*TASK DIRECTIONS*
Reproduce only this stretch of the listing below: from the line with "Hisoka Black J4" through the line with "Folder access Isolated", exactly as written, with pictures excluded.

*DATA SUPPLIED*

- - - - -

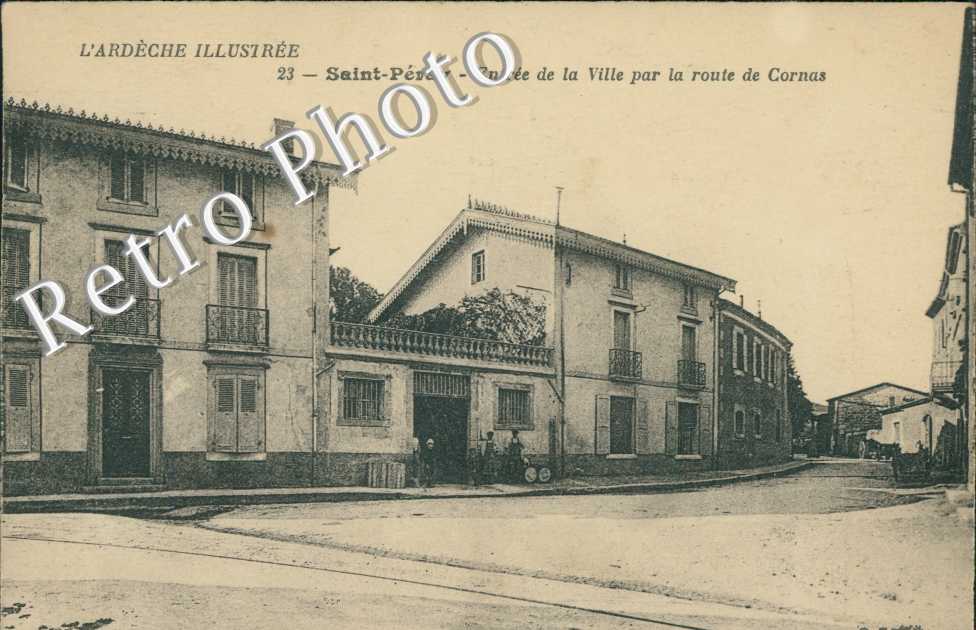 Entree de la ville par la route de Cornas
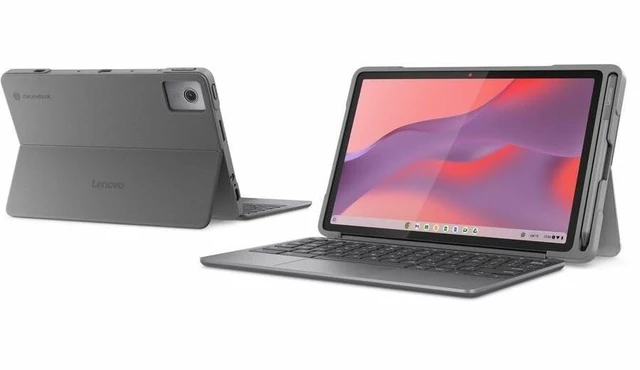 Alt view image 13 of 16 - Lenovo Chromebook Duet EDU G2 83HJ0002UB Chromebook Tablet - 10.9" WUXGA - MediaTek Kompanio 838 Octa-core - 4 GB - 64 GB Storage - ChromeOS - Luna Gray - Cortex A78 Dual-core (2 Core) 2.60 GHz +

- - - - -

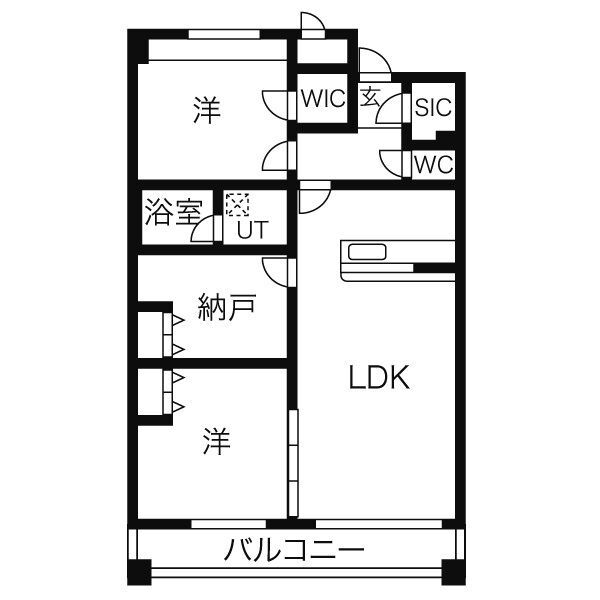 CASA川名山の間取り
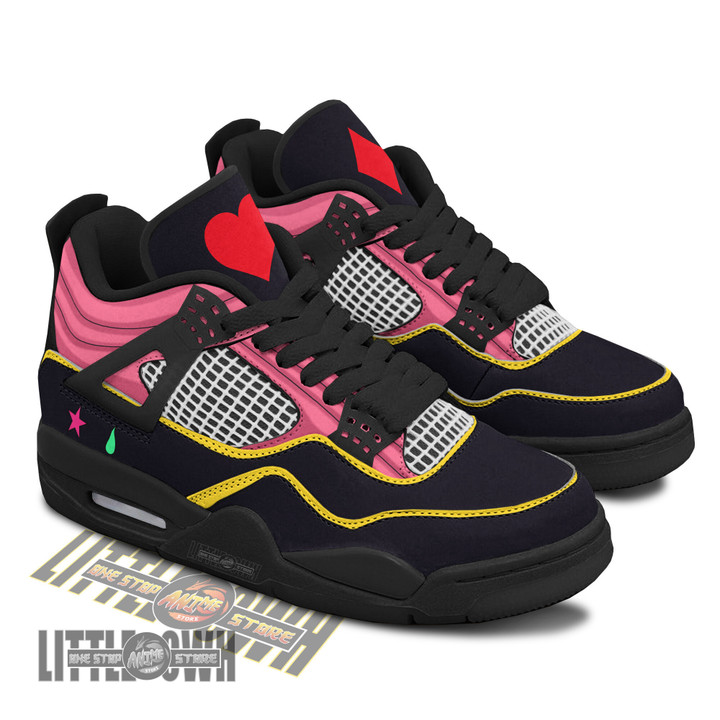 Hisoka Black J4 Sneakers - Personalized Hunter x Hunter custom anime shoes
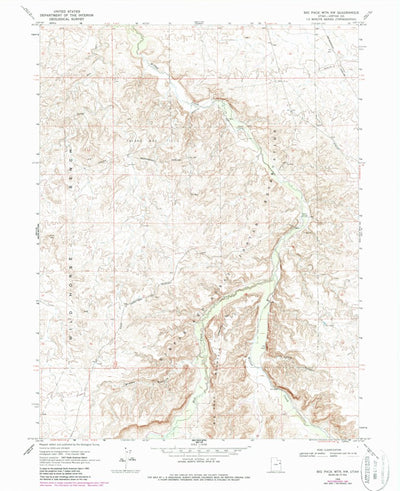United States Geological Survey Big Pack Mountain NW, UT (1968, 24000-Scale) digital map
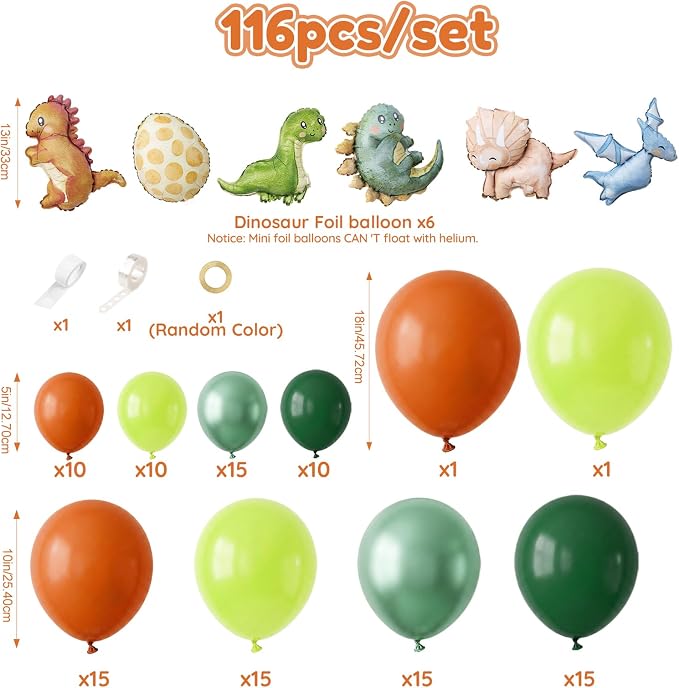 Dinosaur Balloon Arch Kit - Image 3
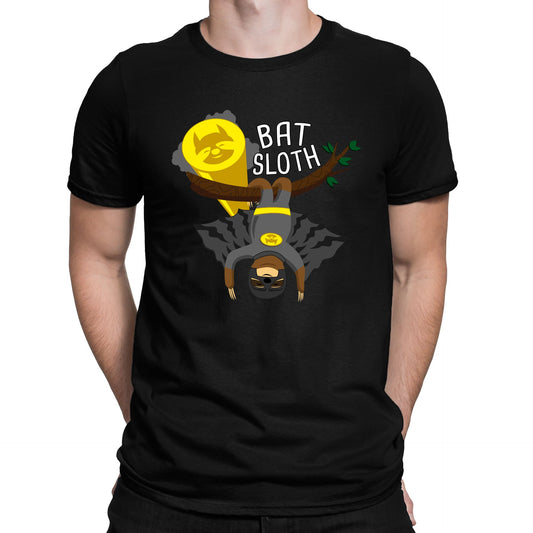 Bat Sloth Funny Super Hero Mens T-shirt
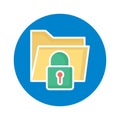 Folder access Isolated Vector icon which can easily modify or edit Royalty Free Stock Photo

- - - - -

*ANSWER BELOW*
 Hisoka Black J4 Sneakers - Personalized Hunter x Hunter custom anime shoes
United States Geological Survey Big Pack Mountain NW, UT (1968, 24000-Scale) digital map
 Dinosaur Balloon Arch Kit - Image 3
 Bat Sloth Funny Super Hero Mens T-shirt
 Folder access Isolated Vector icon which can easily modify or edit Royalty Free Stock Photo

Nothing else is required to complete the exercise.